Another observation about this AI marketplace that I just talked about is that as models start to become divergent, they become good at different things, and it makes sense to take features out. For example GPT-4.0 is a general-purpose model at OpenAI, and the features it doesn't have... It doesn't have very good reasoning, but the reasoning model doesn't have access to the web or images. And then certain models like... I forget what it is. Anyway, we're getting to this point where even within a company, they're having to enable and disable features because they can't get one model to support everything. And then of course, you can extend this problem across companies. What you can offer is a bunch of standard interfaces that are really good.

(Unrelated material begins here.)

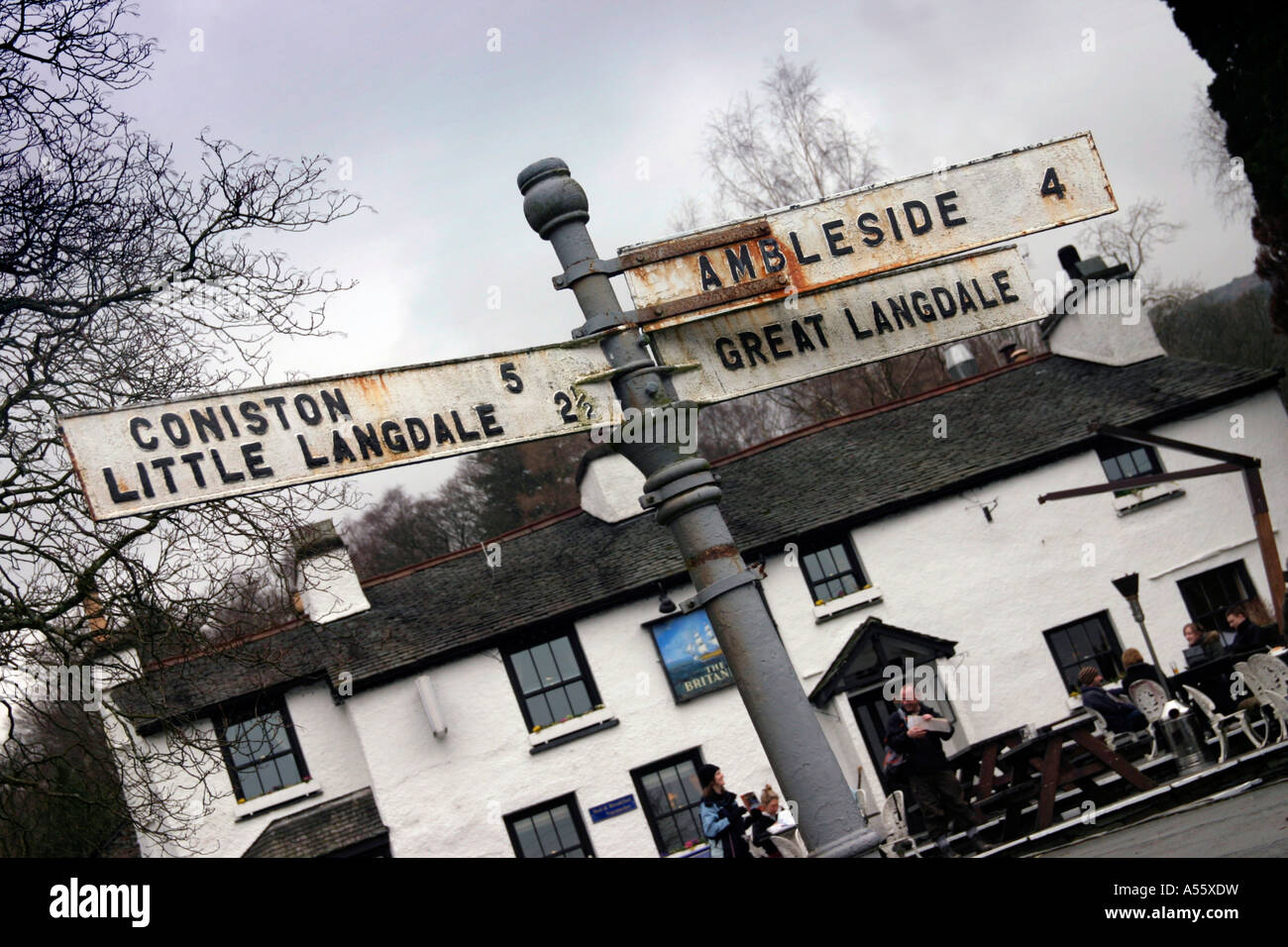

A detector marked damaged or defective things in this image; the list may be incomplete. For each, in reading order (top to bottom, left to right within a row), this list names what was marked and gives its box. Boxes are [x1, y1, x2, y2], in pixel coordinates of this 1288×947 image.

rusty directional signpost [54, 130, 1110, 856]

Like we talked about artifact-centric computing, and I think that theme is relevant here. But... No but, that's all for now.

So, the thing I'm thinking of building in software, I believe, can best be described as a collaborative pro suite for AI for people, almost a long tail of people using AI. It's different from Perplexity or U.com, which are very much targeted at consumers. I think even O is targeting too low of a bar, and I think we're getting to the point where models like O3 are more appropriate. Basically, the audience is the people who are willing to pay $200 for O3 because that's just how much these models improve them at their jobs.

I mean, I said creativity seems to be the way to go here. Why not product design and software design? Figma is probably at risk here because its audience is nontechnical but "technical" users are far more enabled.

In addition to the benefits I've laid out for a collaborative creative pro tool for AI and artifacts to work together on artifacts, the big thing that any of the single AI companies just won't able to do is multimodal. So, incorporating something from Claude and something else from GPT to have the best outcome, kind of like Cursor but better, seems to be the way to go here.